_THE PROBLEM_
Exact copies of the lines below, from the one with "Decorative antler with" up to and including the one with "Picturesque landscape of", are what this calls for; leave out pictures.

(Short text fragments from websites)
▼▼▼
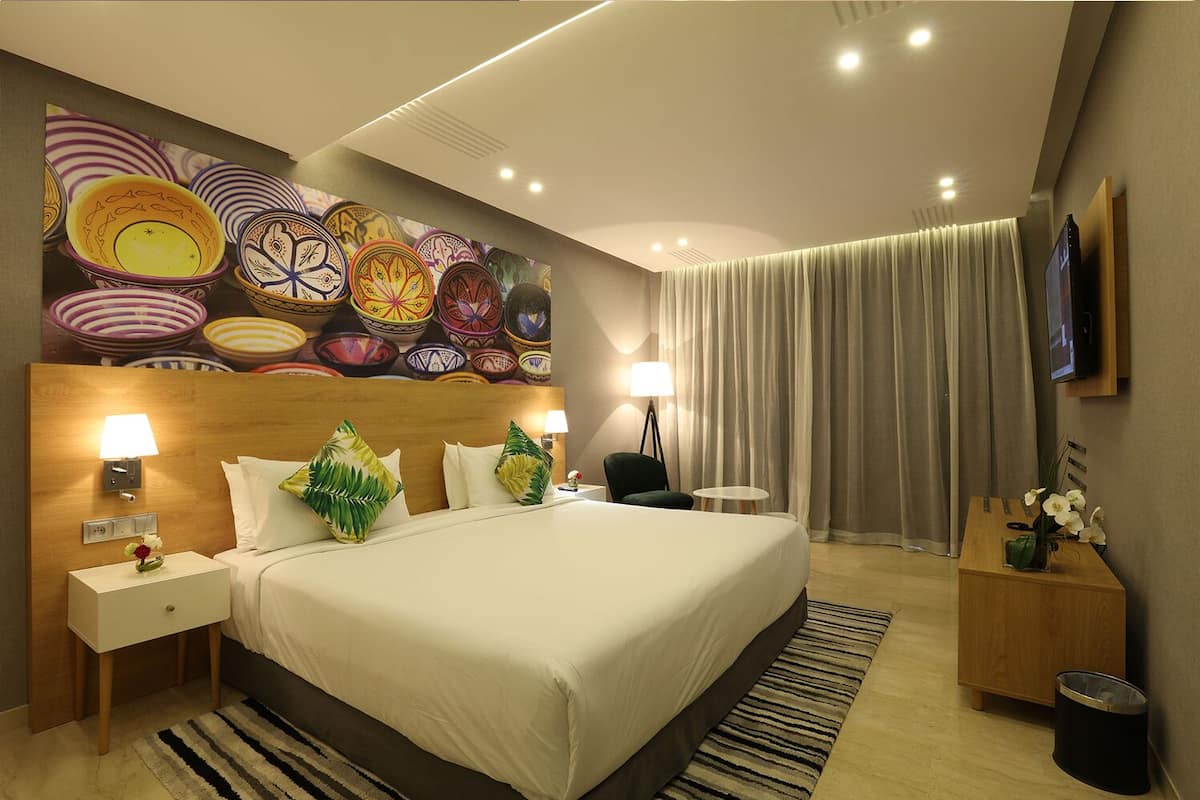 Een moderne hotelkamer met een groot bed, een hoofdbord met een kleurrijk mozaïek, een flatscreen televisie, een klein bijzettafeltje, een nachtkastje, een lamp, een stoel, een vaas met bloemen en een groot raam met gordijnen.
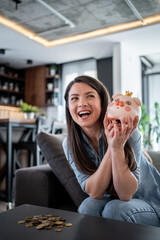 Happy woman saving money holding piggy bank at home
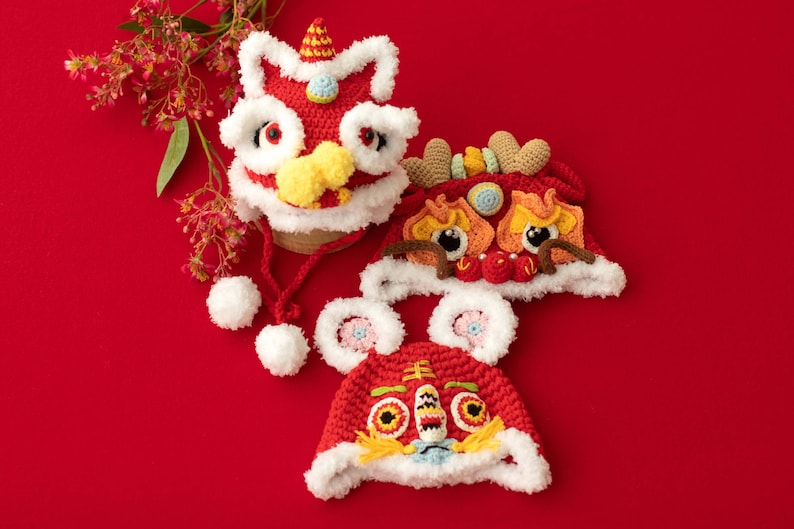 May include: Three red, white and yellow crocheted lion hats with fluffy white trim. The hats have embroidered eyes and a red and yellow lion face.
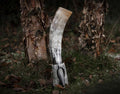 Decorative antler with a sharp point on a forest floor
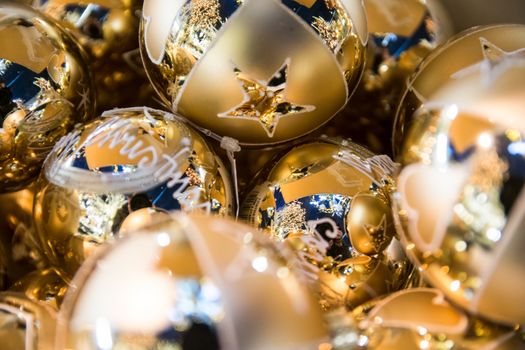 Background formed by golden balls for christmas tree.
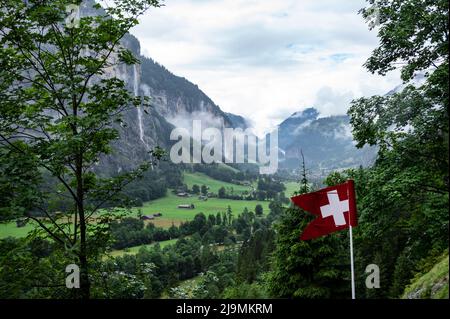 Picturesque landscape of touristic alpine village of Lauterbrunnen with beautiful waterfalls, captured from Trummelbach falls, Switzerland, Europe. Stock Photo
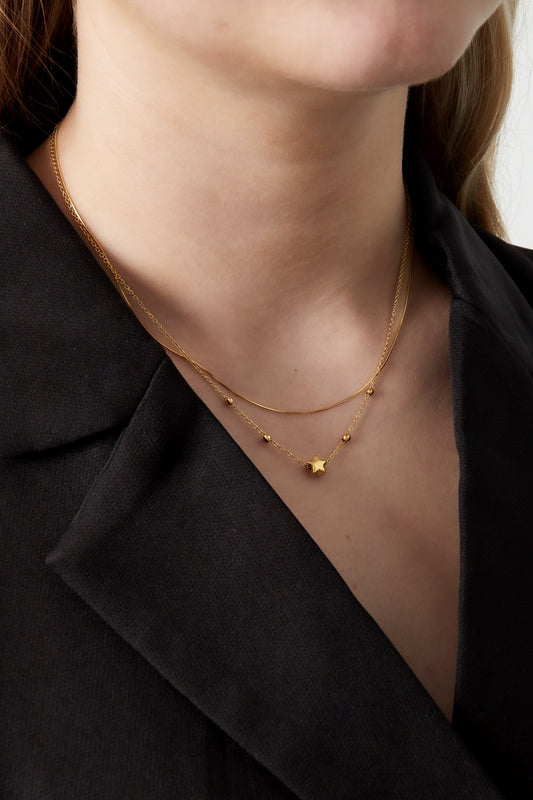 Close-up of model wearing the gold layered star necklace with a black blazer showing soft youthful style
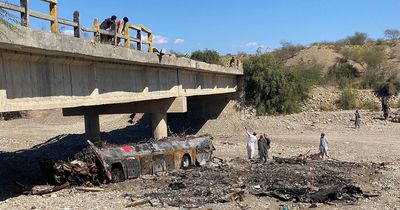 Bus full of passengers plunges off Pakistan bridge and bursts into flames killing 40
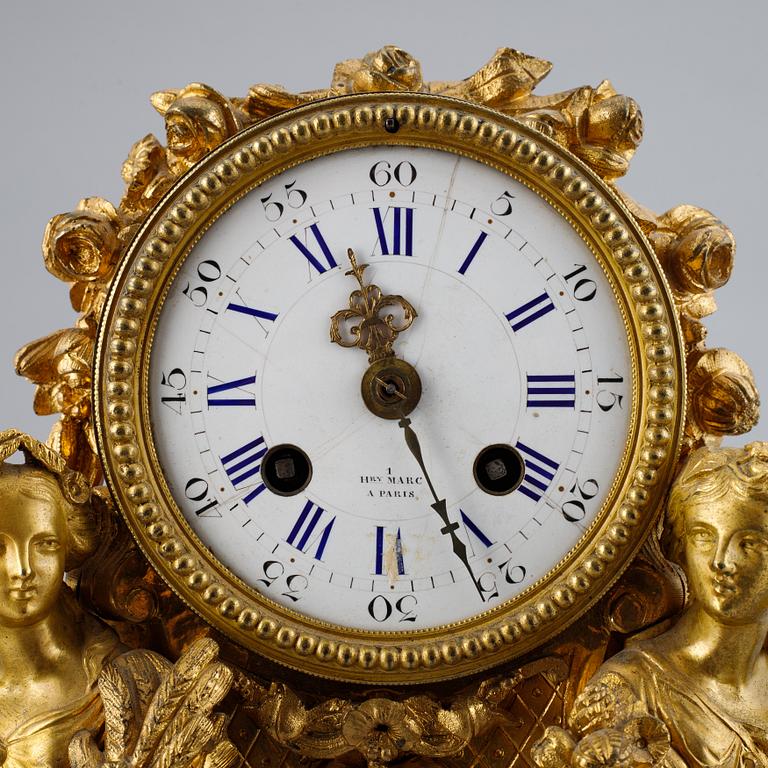 A French gilt bronze mantel clock from Henry Marc á Paris, second half of the 19th century.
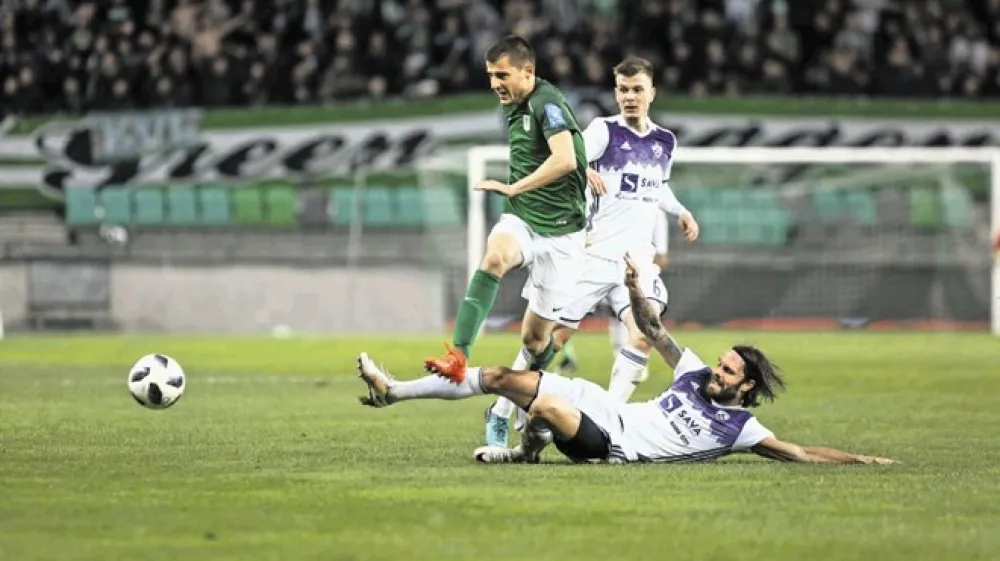 Vezist Olimpije Danijel Mi&scaron;kić (v zeleni majici) je bil nere&scaron;ljiva uganka za igralce Maribora na čelu z izku&scaron;enim Markom &Scaron;ulerjem (na tleh) in Aleksom Pihlerjem (v ozadju).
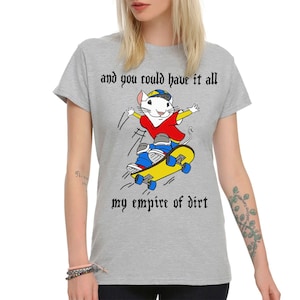 Op de afbeelding: Grijs T-shirt met een cartoonmuis die skateboardt en de tekst "and you could have it all my empire of dirt" in zwarte gotische letter.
▲▲▲
_EXERCISE OUTPUT_
 Decorative antler with a sharp point on a forest floor
 Background formed by golden balls for christmas tree.
 Picturesque landscape of touristic alpine village of Lauterbrunnen with beautiful waterfalls, captured from Trummelbach falls, Switzerland, Europe. Stock Photo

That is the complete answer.